1. Core Approach: Unsupervised → Supervised

Key Insight

All three unsupervised tasks leverage the pre-trained TabPFN by converting unsupervised problems into supervised learning problems.

The Main Pattern

# Unsupervised: Work with unlabeled data X

# TabPFN Solution: Treat features as labels!
X_input = X[:, conditioning_features]  # Some features as inputs
y_target = X[:, target_feature]        # One feature as "label"

model.fit(X_input, y_target)  # Standard supervised learning!

Example:

  • Original data: [Age, Income, Credit] (no labels)
  • Reframe: Use [Age, Income] to predict Credit
  • Learn: P(Credit | Age, Income) via supervised learning

Core Engine: density_() Function

The shared workhorse for all three tasks:

def density_(X_predict, X_fit, conditional_idx, column_idx):
    """
    Converts unsupervised → supervised.
    Learns: P(feature_column | features_conditional)
    """
    # 1. Extract features
    X_train = X_fit[:, conditional_idx]  # Input features
    y_train = X_fit[:, column_idx]       # Target feature

    # 2. Select model (classifier vs regressor)
    model = tabpfn_clf if categorical else tabpfn_reg

    # 3. Fit and return
    model.fit(X_train, y_train)
    return model, X_test, y_test

This function is called repeatedly with different feature combinations, building up the solution through multiple supervised problems!

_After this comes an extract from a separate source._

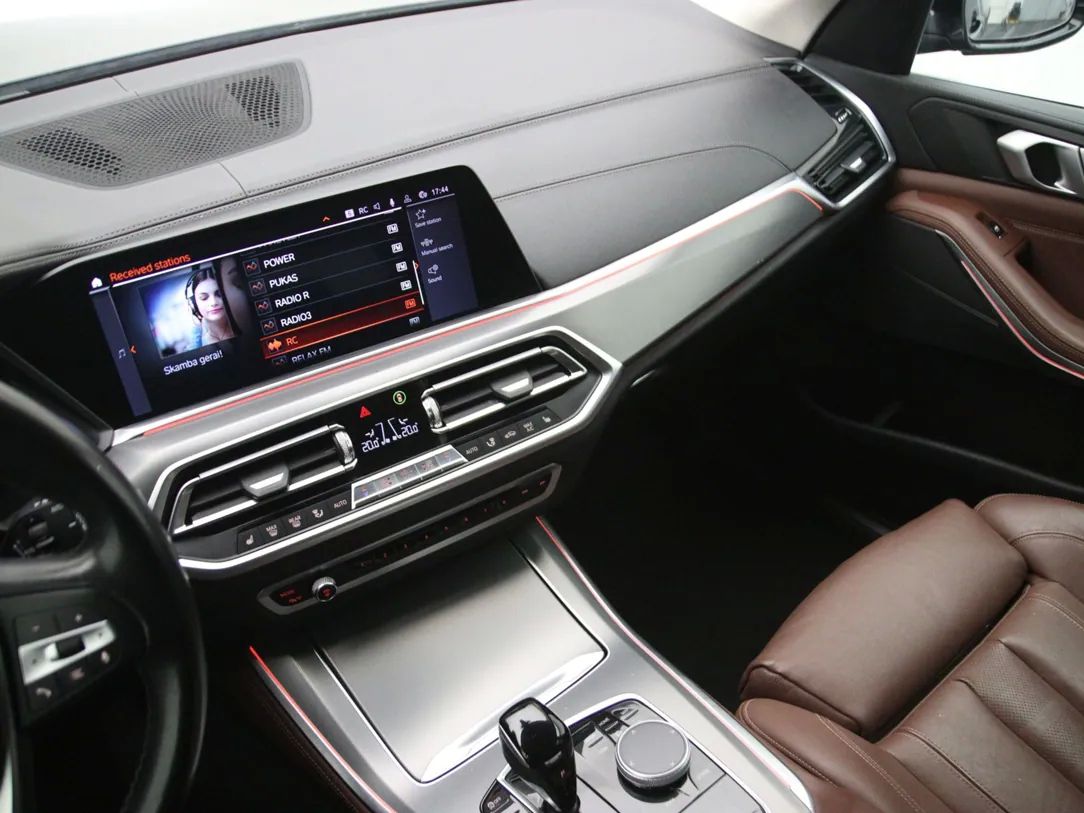 BMW X5 | 19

2. TabPFN Regression Architecture

The Surprising Truth: Regression = 50-Class Classification

TabPFN doesn’t do traditional regression. Instead, it performs classification over discretized value ranges.

How It Works

Step 1: Discretize Target Range into 50 Bins

Target range [100K, 500K] → 50 equal bins
Bin 0:  [100K, 108K]
Bin 1:  [108K, 116K]
...
Bin 49: [492K, 500K]

Step 2: Train as 50-Way Classifier

  • Convert continuous values to bin indices (class labels)
  • Train with cross-entropy loss (standard classification)
  • Output: Probabilities over 50 bins

Step 3: Two-Stage Sampling

Stage 1: Sample which bin (categorical sampling from probabilities)
         e.g., Bin 2 selected with 50% probability

Stage 2: Sample value uniformly within bin
         e.g., uniform(5.0, 7.5) → 6.2

Key Properties

Property Value Notes
Number of bins 50 (typical) Fixed in architecture
Bin ranges Dynamic Adapt to dataset
Output Probability distribution Uncertainty quantification
Loss Cross-entropy Classification loss

Advantages: Uncertainty quantification, multi-modal distributions, transformer-friendly Trade-off: Discretization error (±half bin width) vs. uncertainty

Task 1: Imputation

Goal

Fill missing values (NaN) in datasets.

Strategy

Use all available features to predict each missing feature, processing column-by-column with row filtering.

Key Steps

  1. Identify columns with NaN - Find which features have missing values
  2. For each column with NaN:
    • Condition on ALL other features (maximize information)
    • Filter rows: Only process rows that have NaN in this specific column
    • Generate multiple permutations of conditioning features
    • Average predictions across permutations
    • Sample values (low temperature = deterministic)
    • Fill NaN positions in this column
  3. Move to next column and repeat

Example with Row Filtering

Input Data:
  Row 0: [25, NaN, 750]  ← Has NaN in column 1
  Row 1: [30, 60K, NaN]  ← Has NaN in column 2
  Row 2: [35, 70K, 800]  ← Complete, no NaN

Process Column 1 (Income):
  - Filter: Only Row 0 has NaN in column 1
  - Condition on: [Age=25, Credit=750] (all other features)
  - Predict: Income ≈ 52K
  - Fill: Row 0, Column 1 = 52K

Process Column 2 (Credit):
  - Filter: Only Row 1 has NaN in column 2
  - Condition on: [Age=30, Income=60K] (all other features)
  - Predict: Credit ≈ 745
  - Fill: Row 1, Column 2 = 745

Result:
  Row 0: [25, 52K, 750]  ✓ Imputed
  Row 1: [30, 60K, 745]  ✓ Imputed
  Row 2: [35, 70K, 800]  ✓ Unchanged

Key Characteristics

  • Column-wise processing: Iterate through columns with NaN
  • Row filtering: Only predict for rows with NaN in current column
  • Conditioning: Use ALL other features (maximum information)
  • Temperature: 0.000000001 (deterministic “best guess”)
  • Efficiency: Skip rows without missing values in current column

Task 2: Synthetic Data Generation

Goal

Generate realistic new samples from scratch.

Strategy

Sequential (autoregressive) generation: Generate features one-by-one, conditioning only on previously generated features.

Key Steps

  1. Start with all-NaN matrix
  2. Generate features sequentially (left to right)
  3. Each feature conditions on ONLY previous features
  4. Sample with higher temperature (diverse results)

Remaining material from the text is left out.